I belong to a closed group on social media that has brought together a large number (several thousand) of mostly female members of my profession. The one thing we have in common besides our profession is that we are all parents. The aim of the group is simple. It's meant to be a place for us to discuss whatever it is that's on our minds that relates either to work or parenting or both. Ground rules have been established and agreed upon with the moderators of the group being proactive and sensible in their application of the rules to posts and comments.
So it was hardly a surprise that I took to the group like a duck to water. And it's been a lovely community to be part of.
But as with most things on social media, there was an incident recently. A member of the group had found the support so useful she casually mentioned it to a friend to see if she was interested in joining. The friend then replied that she'd actually heard of the group through a mutual acquaintance who was also a member of the group.
Unfortunately, the group had not been referenced in glowing terms. The mutual acquaintance had taken it upon themselves to screen shot the more 'inane' posts and then used those screen shots for a few cheap laughs.
I know we're all adult women and the members of this group presumably have a reasonable level of resilience, maturity and intelligence to rise above this incident but the jibe hit its mark. Some members became even more considered in what they posted, others noted how things like this reflect more on the observer than the observed and the majority carried on as normal.
We could analyse this deeply about how women should all be 'leaning in' to support each other. We could also glibly observe that women seem to be their own worst enemies who tear each other down. But my initial thoughts were a bit more basic.
For me, the incident brought home yet again, the message we tell our children and ourselves. Nothing on the internet is completely private no matter how well vetted and secure you might think an online community is. The internet is also forever thanks to a well (or badly) timed screen shot. If you put it out there, you need to be prepared to deal with the consequences good or bad.
But I do wonder about the screen shot person and whether any of us who use social media are in any place to judge. The attack was personal to us because it came from within the group. It was also the work of our dear old friend Anon.
The thing is, I've been having far too many chuckles over Melania Trump this past week and the made for memes controversy over the striking similarity of her recent speech to one Michelle Obama gave several years ago. I've also voiced an opinion on the final reveal of who The Real Housewives of Sydney are. With regards to the latter, I'm bitterly disappointed that the fixtures on Sydney's social pages that I'm most intrigued by kindly declined their offers to be a local housewife.
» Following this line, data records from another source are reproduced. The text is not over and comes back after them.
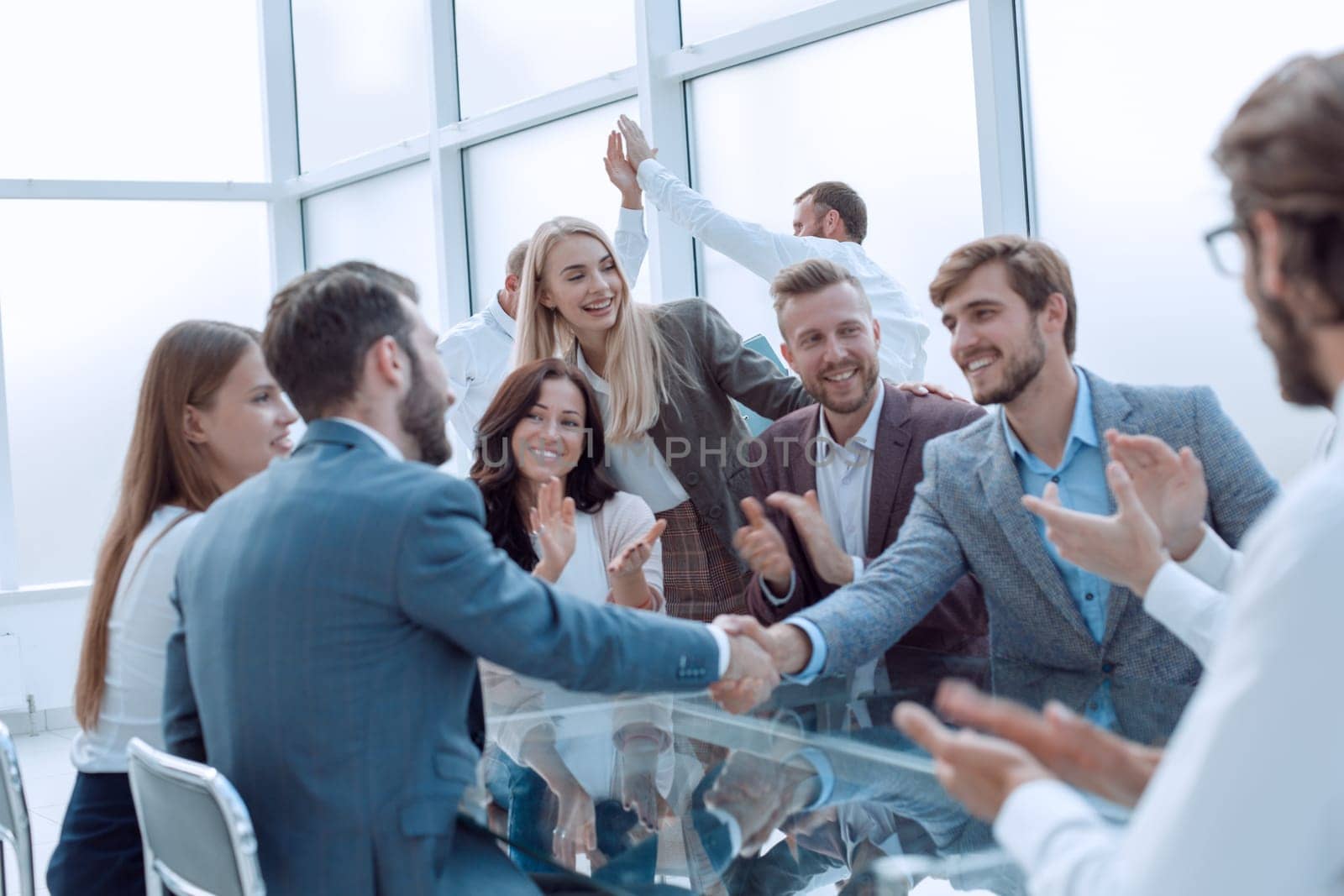 business people shaking hands sitting at the office Desk by asdf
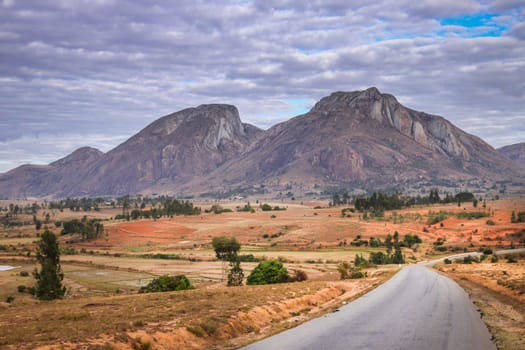 Road going through the stunning landscape of Madagascar highlands, central Madagscar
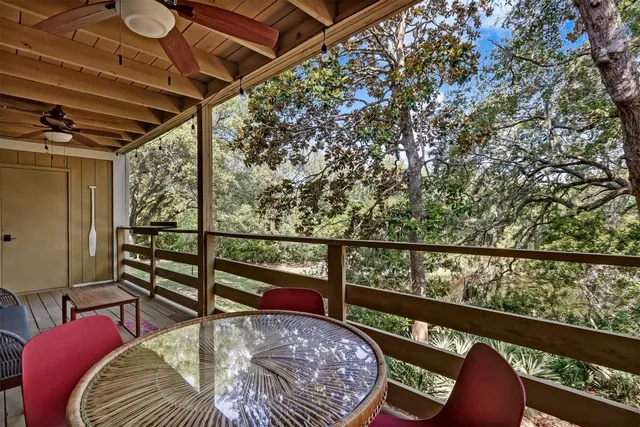 a view of balcony with furniture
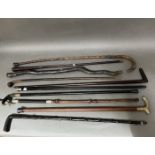 A bundle of walking sticks including silver mounted, horn, gold plated etc.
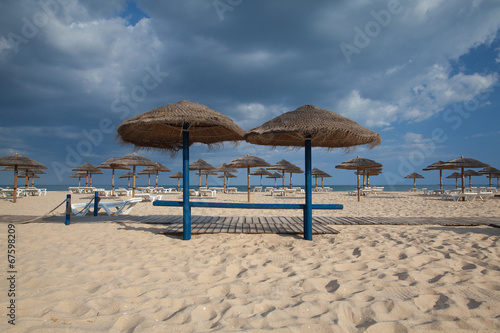 Different parasols and sun loungers on the empty beach on Tavira © Radomir Rezny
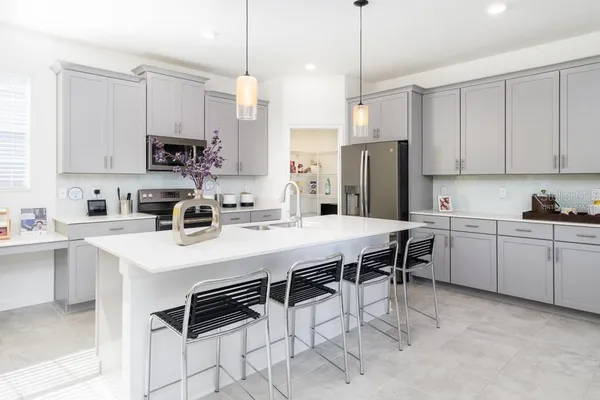 a kitchen with stainless steel appliances kitchen island a table chairs microwave and cabinets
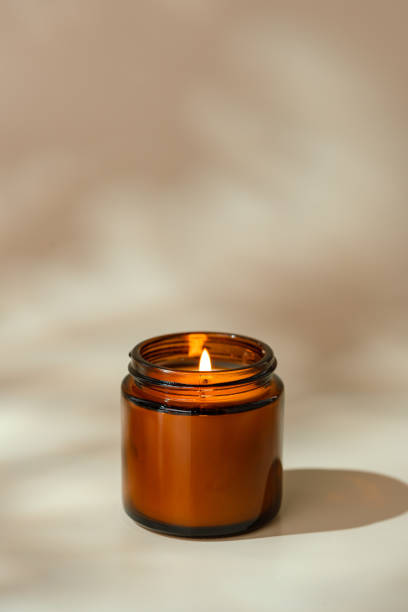 istock Candles in Glass Jars on a Light Beige Surface 2162490529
It was all light hearted, the people at the centre of the attention wanted the intention in the first place. Where's the harm?
Potentially everywhere for the people at the receiving end who meant for their actions and words to be received in a certain way. You can't control how people respond to anything you share in a public forum. Taylor Swift put it so well with the line 'haters going to hate'. But you also need to protect yourself in the event of the worst case scenario (and then some) by exercising a bit of discretion and judgement (preferably of yourself, not others).
Are you a member of an online forum? Do you find yourself fully reassured by the fact that your group is 'secret' or 'private'? Or do you conduct yourself as you would elsewhere on social media?